中小企業の「過剰債務率」が過去最悪の35.7%に

 東京商工リサーチがこのほど発表した「債務の過剰感についてアンケート調査」結果(有効回答数9105社)によると、債務の過剰感の状況は、「コロナ前から過剰感がある」が13.2%、「コロナ後に過剰となった」が19.6%で、32.9%の企業が「過剰債務」であると回答した。「過剰債務」と回答した企業割合は、前回調査(2021年6月)の31.6%から1.3ポイント上昇し、2021年4月に調査を開始して以降で最悪となった。

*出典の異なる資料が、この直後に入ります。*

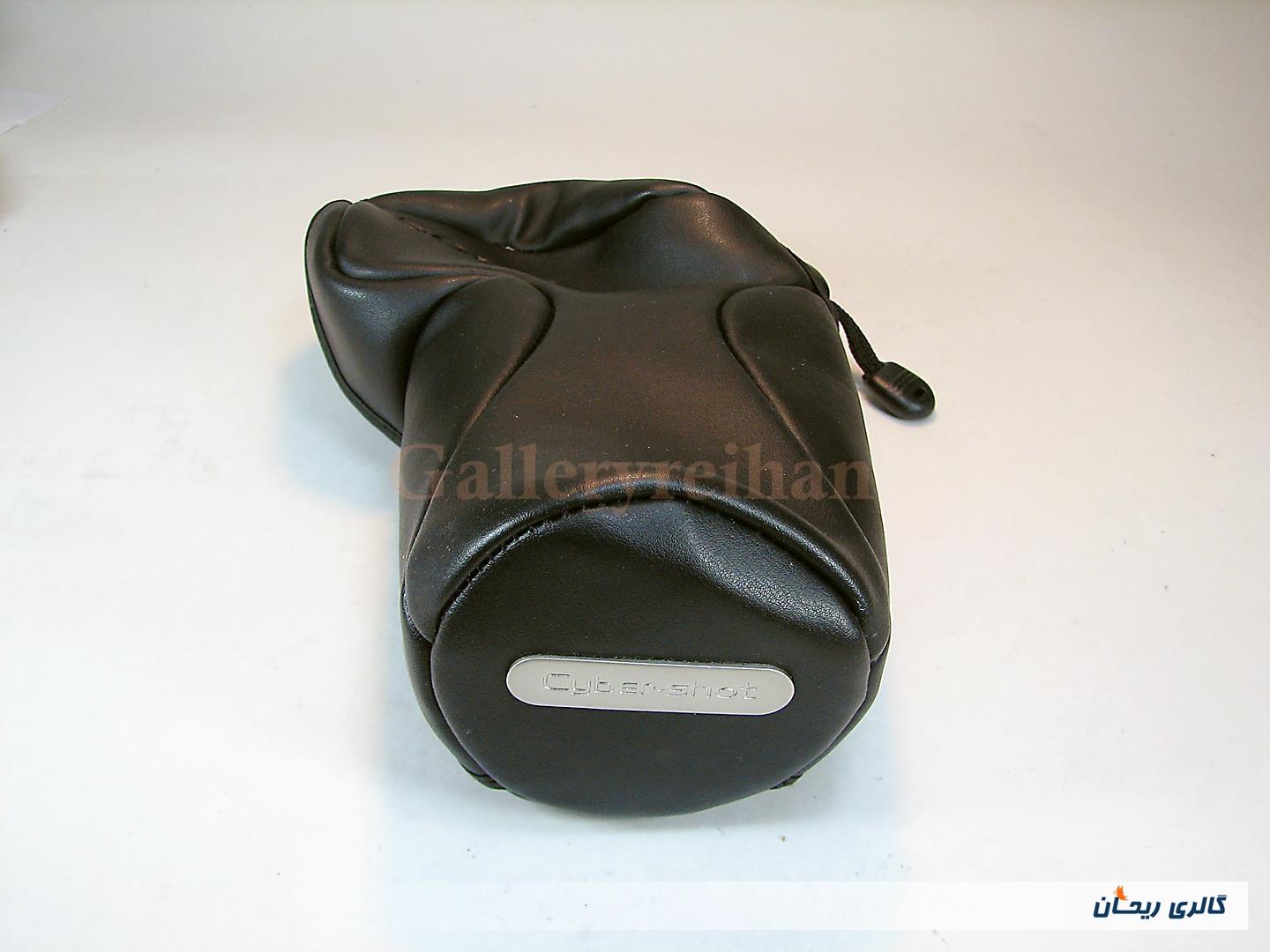 کیف اورجینال دوربین سونی SONY Cyber-shot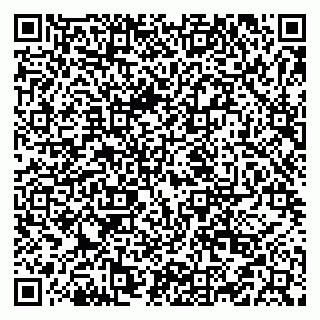 vCard 79519907652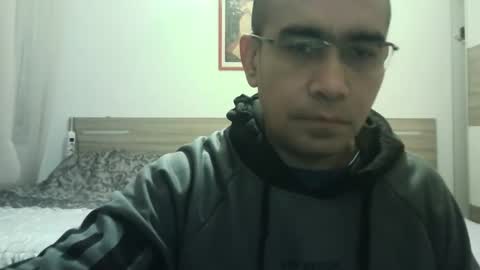 Snapshot of karla3052 chatting on February 2025 07:23:02 PM Cremosito online show from February 2025 07:23:02 PM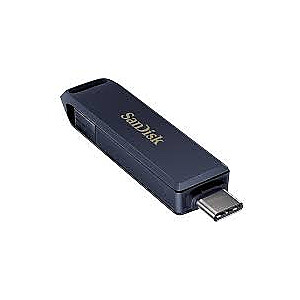 SanDisk Phone Drive iPhone 128 GB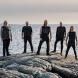 Enslaved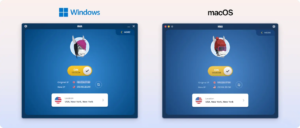 hma-windows-vs-macos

 規模別でみると、「過剰債務」と回答した大企業は16.7%だった。中小企業(資本金1億円未満、個人企業等)に限ると、「過剰債務」と回答した企業は35.7%にのぼり、前回調査(34.2%)から1.5ポイント悪化した。国や自治体、金融機関の資金繰り支援で倒産は抑制されている。だが、資金繰りが一時的に緩和しても、業績不振から抜け出せない企業が水面下で過剰債務に直面している実態を改めて浮き彫りにした。

 「過剰債務」との回答企業を業種別でみると、「過剰債務」率の最高は、「飲食店」で79.6%、「宿泊業」の78.0%、「娯楽業」の65.3%と続く。旅行や葬儀、結婚式場などの「その他の生活関連サービス業」は60.4%だった。飲食店や宿泊業は、休業協力への協力金や「Go To トラベル」、「Go To イート」など複数の支援策が実施されたが、それでも「過剰債務率」が高かった。人流抑制、三密回避が広がり、コロナ禍の影響が深刻なことを示している。

 事業再構築への取組みは(2757社から回答)、「事業再構築の意向はない」は30.0%。一方、過剰債務が足かせで「取り組むことができない」は15.4%、「取組み規模を縮小した」は18.9%だった。過剰債務を抱える企業のうち、34.3%が事業再構築にマイナスの影響を訴えている。規模別では、過剰債務が事業再構築の足かせになっている企業の割合は、大企業で32.3%、中小企業で34.5%だった。

 国内ではワクチン接種が広がり、グローバルな景気回復の中で、国内経済の活性化には生産性の向上や商取引の円滑化は欠かせない。だが、足元では「過剰債務」を訴える企業が3社に1社あり、債務が事業再構築の足かせになっていると回答している。このままでは政府の描く事業再構築が理想倒れに終わる恐れも出てきた。成長戦略と同時に、過去の債務への抜本的な対応が必要な時期が迫っている。